KNP prepares for the winter fire season
KNP prepares for the winter fire season. Photo: Supplied

The Kruger National Park (KNP) today, 17 May 2021 announced their management plans in anticipation of the coming winter fire season which usually takes place between June and October. Fires are a common and natural occurrence in KNP which is found within the Savanna biome (also knows as the Tropical Grasslands), and like the Fynbos biome (Cape Floristic Region), is dependent on fires to keep the ecosystem functioning in a healthy manner.

KNP prepares for the winter fire season
KNP prepares for the winter fire season. Photo supplied

Savanna plant species have evolved with fires and some even rely on and are shaped by regular burning of the veld. Research has shown that regardless of the fire management strategy, fires will burn in KNP as long as there is enough grass to burn.

This is because fires are primarily driven by how much grass is available (also known as fuel load). Fuel load is dependent on how much rainfall fell in the preceding growing season. KNP has experienced an exceptionally wet growing season this past summer, and the veld has responded by producing high fuel loads. We are therefore anticipating a lot more fires this winter.

Usually, less than 10% of KNP burns every year but as a result of the very wet rainy season, it is expected that roughly 20% of the Park will burn this year.


“A large proportion of this will be controlled burns conducted by our Rangers; but it is likely that we will also have unscheduled fires during the course of the year and these will be managed as they occur. We record, monitor and map all fires which burn in KNP using advanced satellite technology,” explains KNP General Manager of Communications, Isaac Phaahla.
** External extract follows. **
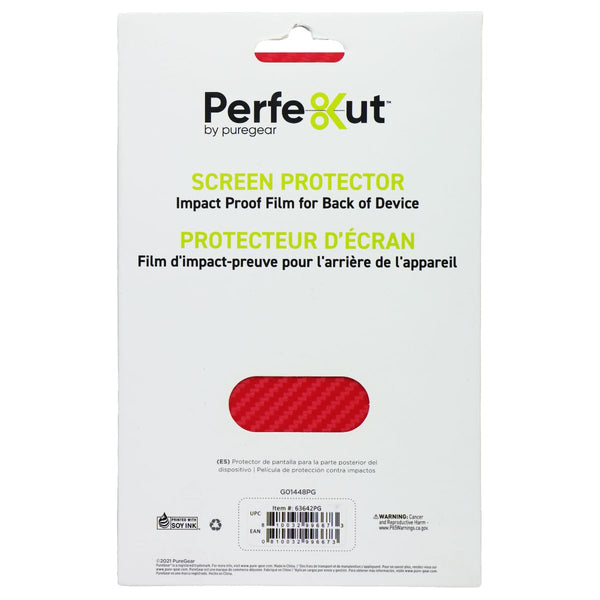 PureGear Perfekut Screen Protector Film for Back of Device - Red Carbon Fiber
The high fuel loads increase the risk of large wildfires burning late in the dry season between August and October. Therefore, KNP has begun securing its firebreaks around infrastructure such as camps, staff quarters, entry gates and other key assets, as well as burning and grading firebreaks along the Park’s boundary. Furthermore, Rangers and Scientists are currently burning early-season fires to help break up the fuel load in the veld and reduce the risk of wildfires burning over large areas of the park.

“KNP has been part of the Greater Kruger Fire Protection Association (FPA) for roughly a decade; which allows for greater communication and administrative support for the use of fires as a management tool and to promote fire safety within and around KNP. Proactive fire management by reducing fuel load, burning firebreaks and preparing a well-trained and equipped team of personnel will allow us to be better prepared for this year’s fire season,” says Phaahla.